Workers on Construction Site

1982

Dick Frizzell

Accessible

Type

  • Mural

Medium

  • Enamel paint
  • Ruffit Board

Dimensions

  • H3040 x W3400mm

Dick Frizzell, ‘Workers of Construction Site’ (1982), University of Auckland, City Campus, Tāmaki Makaurau Auckland

Images: Bronwyn Holloway-Smith, Public Art Heritage Aotearoa New Zealand, 2021

Description

"Developing the new Conference Centre for the University in 1982, architects Kingston Reynolds Thom and Allardice worked with architectural drawing lecturer Pat Hanly to brighten the place up.Developing the new Conference Centre for the University in 1982, architects Kingston Reynolds Thom and Allardice worked with architectural drawing lecturer Pat Hanly to brighten the place up...

... Dick Frizzell had been on the staff at Elam as a part-timer since 1980, and was entranced with post-abstraction in the United States... Frizzell had fled advertising for the higher realms of cultural production in the 1970s; his painting reaching its apotheosis with the 'Dancing Chicken' of 1980. Heading straight for the New York art world for confirmation of his direction, Frizzell collared American artists for advice, and was crestfallen to be returned to sender. Neil Jenney directed him to examine his own backyard and “represent”, assuring him that success would follow: “So that is what I did - one item at a time, iconicised in the middle of a generous colour field. It was the worst-selling show I have ever had.”

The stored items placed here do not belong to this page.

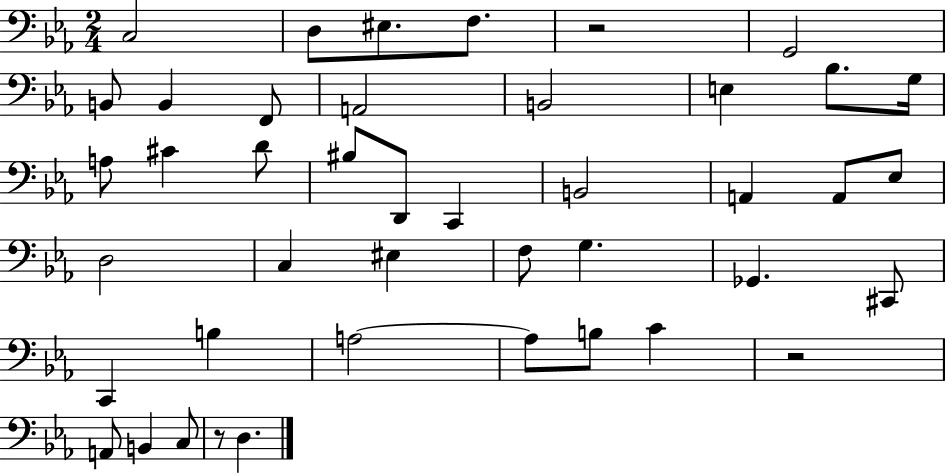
{
  \clef bass
  \numericTimeSignature
  \time 2/4
  \key ees \major
  \repeat volta 2 { c2 | d8 eis8. f8. | r2 | g,2 | \break b,8 b,4 f,8 | a,2 | b,2 | e4 bes8. g16 | \break a8 cis'4 d'8 | bis8 d,8 c,4 | b,2 | a,4 a,8 ees8 | \break d2 | c4 eis4 | f8 g4. | ges,4. cis,8 | \break c,4 b4 | a2~~ | a8 b8 c'4 | r2 | \break a,8 b,4 c8 | r8 d4. | } \bar "|."
}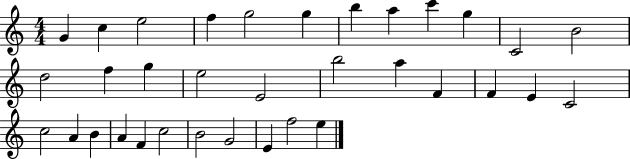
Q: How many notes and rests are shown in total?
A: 34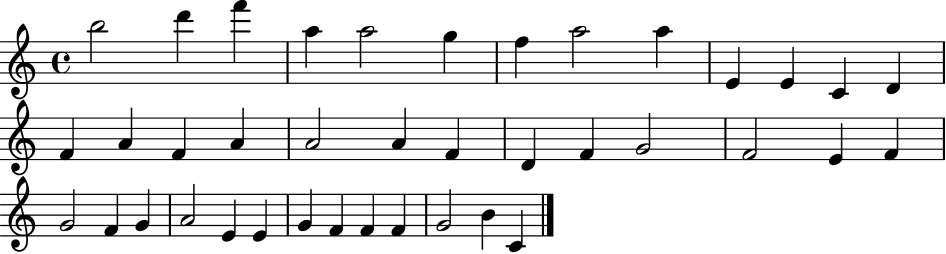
X:1
T:Untitled
M:4/4
L:1/4
K:C
b2 d' f' a a2 g f a2 a E E C D F A F A A2 A F D F G2 F2 E F G2 F G A2 E E G F F F G2 B C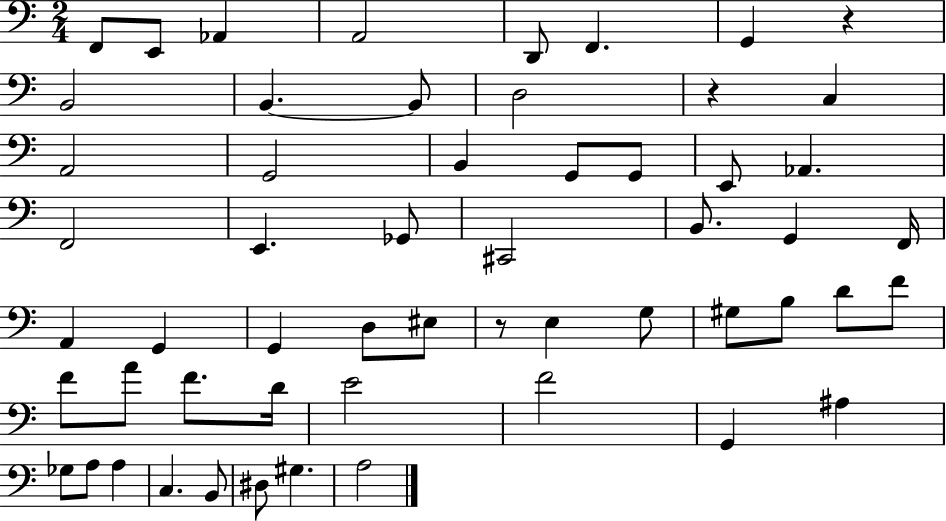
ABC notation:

X:1
T:Untitled
M:2/4
L:1/4
K:C
F,,/2 E,,/2 _A,, A,,2 D,,/2 F,, G,, z B,,2 B,, B,,/2 D,2 z C, A,,2 G,,2 B,, G,,/2 G,,/2 E,,/2 _A,, F,,2 E,, _G,,/2 ^C,,2 B,,/2 G,, F,,/4 A,, G,, G,, D,/2 ^E,/2 z/2 E, G,/2 ^G,/2 B,/2 D/2 F/2 F/2 A/2 F/2 D/4 E2 F2 G,, ^A, _G,/2 A,/2 A, C, B,,/2 ^D,/2 ^G, A,2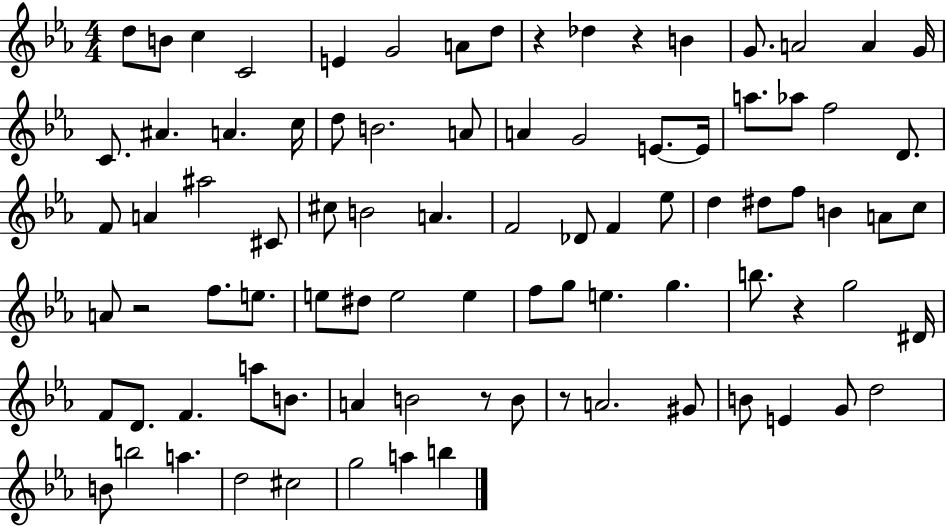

In 'Workers on a Construction Site', the central figure is clad in his carpenter’s apron and steel cap boots, wearing only a terry toweling hat as protection against the searing sun of an Auckland summer. A dinky hammer on his belt, he shovels gravel into the cement mixer, a bucket of water nearby. Nothing is to scale: his massive legs and muscly chest and arms dwarf a nearby handsaw and sawhorse. Just as his form as a worker is exaggerated, his tools are shrunk, abbreviated to become toy-like signs of the hand-built nature of the job ahead. Celebrating the worker as hero, Frizzell also reveals his ironic affection for the particularities of the fast-growing kiwi suburb of the seventies. Fashionable Spanish-style haciendas parade along the top of the painting, with concrete driveways leading to the road. Frizzell contrives to peel the image back at the corner, pretending to show the four-by-two framing of the wall itself. His aim is to reveal the artifice of painting itself, which is no longer striving to be naturalistic, or a window onto the world, but instead foregrounds the conventions of art making itself with disjunctions of scale and placement, and a flattening of form and colour."

~ quoted from University of Auckland Art Collection listing (no author provided).